The call comes as a new YouGov poll revealed that nearly half of Londoners (48%) think the 430 tall buildings planned for the capital will have a negative impact on the skyline. According to the figures, just 34% think the buildings would have a positive impact, while 58% were unsure of how to submit comments on planning proposals in their local area.
The poll also showed that 60% would like to have a say on tall buildings if they are proposed for a historically significant area in London. Currently, usually only those in immediate surrounding areas are consulted on proposals for buildings that may affect views and settings for miles.
Historic England has said that the limits on who is consulted on proposals for tall buildings – defined as 20 storeys or more – should be reviewed and a pan-London approach to skyline issues implemented.
Historic England chief executive Duncan Wilson said: “Londoners know how special their city is and they know that the future of our capital hangs in the balance. Tall buildings can make an excellent contribution to city life if they are well-placed and well-designed. But in the wrong places, they can do serious harm. It matters when tall buildings overshadow our crescents and squares, our playgrounds and palaces, canals and cathedrals.
“Today, Londoners have shown that they want to have more of a say over how London’s future skyline is developed. The millions of people who live and work in the city want to be better informed and more involved in the changes that are gathering pace.”
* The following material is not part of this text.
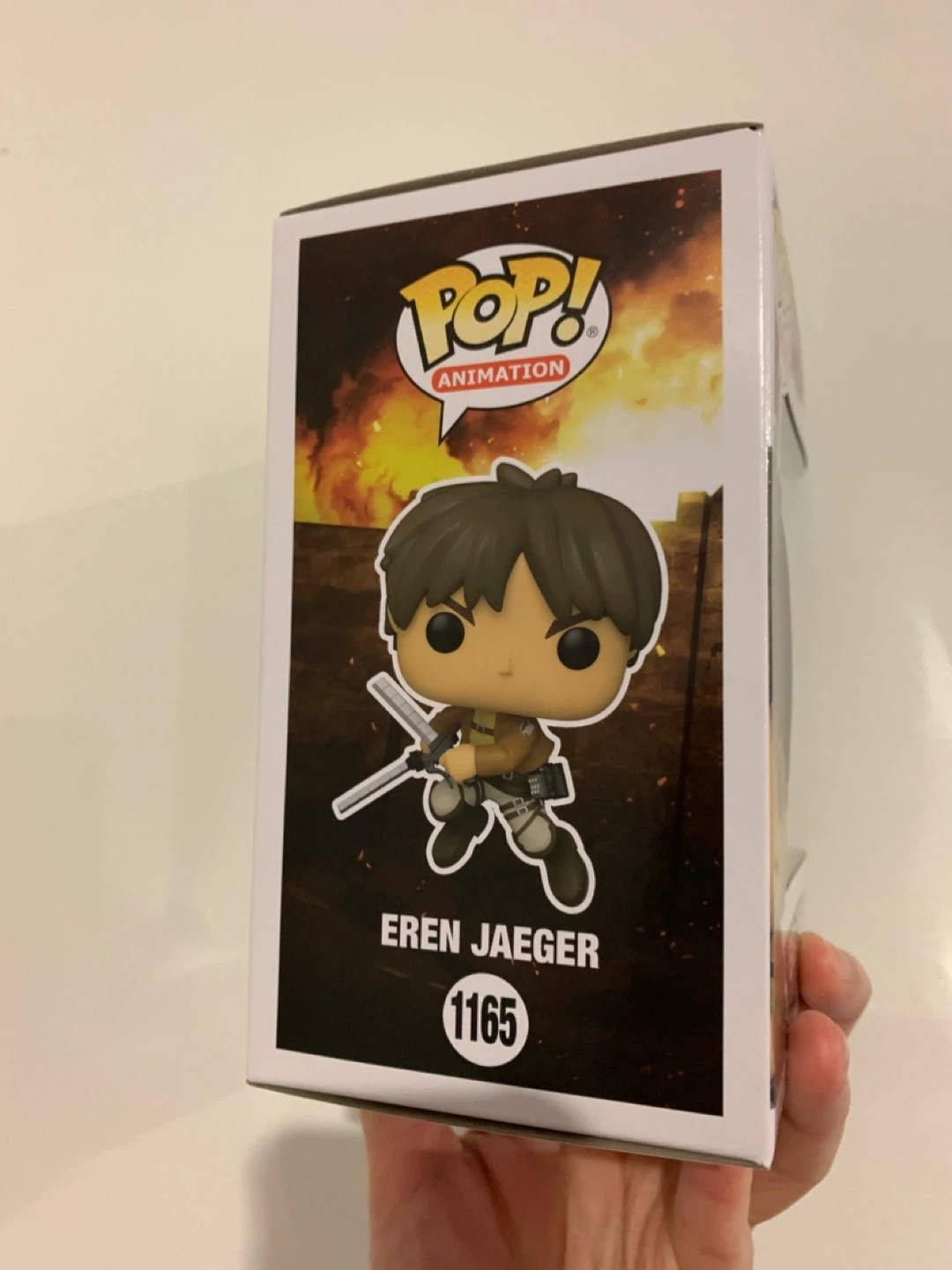 Funko Pop #1165 - Eren Jaeger Attack on Titan vinyl figure - photo 4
In light of the YouGov figures, Heritage Alliance chairman Loyd Grossman, Historic England chairman Sir Laurie Magnus and architect Sir Terry Farrell have released an open letter urging the next London mayor to implement a clear strategy on tall buildings.
“The next mayor’s legacy will be judged by his or her contribution to London’s continuing success. Given the current pressing requirement for new buildings to accommodate a rising population and a growing economy, a critical part of that judgement will be based on how he or she has promoted excellence in innovation and design whilst respecting treasured historic landscapes and settings,” the letter said.
Grossman, Magnus and Farrell also outlined their support for the London Assembly’s recent call for better masterplanning and a fully developed, accessible 3D model of the city that enables the public to better understand the way London’s skyline is developing.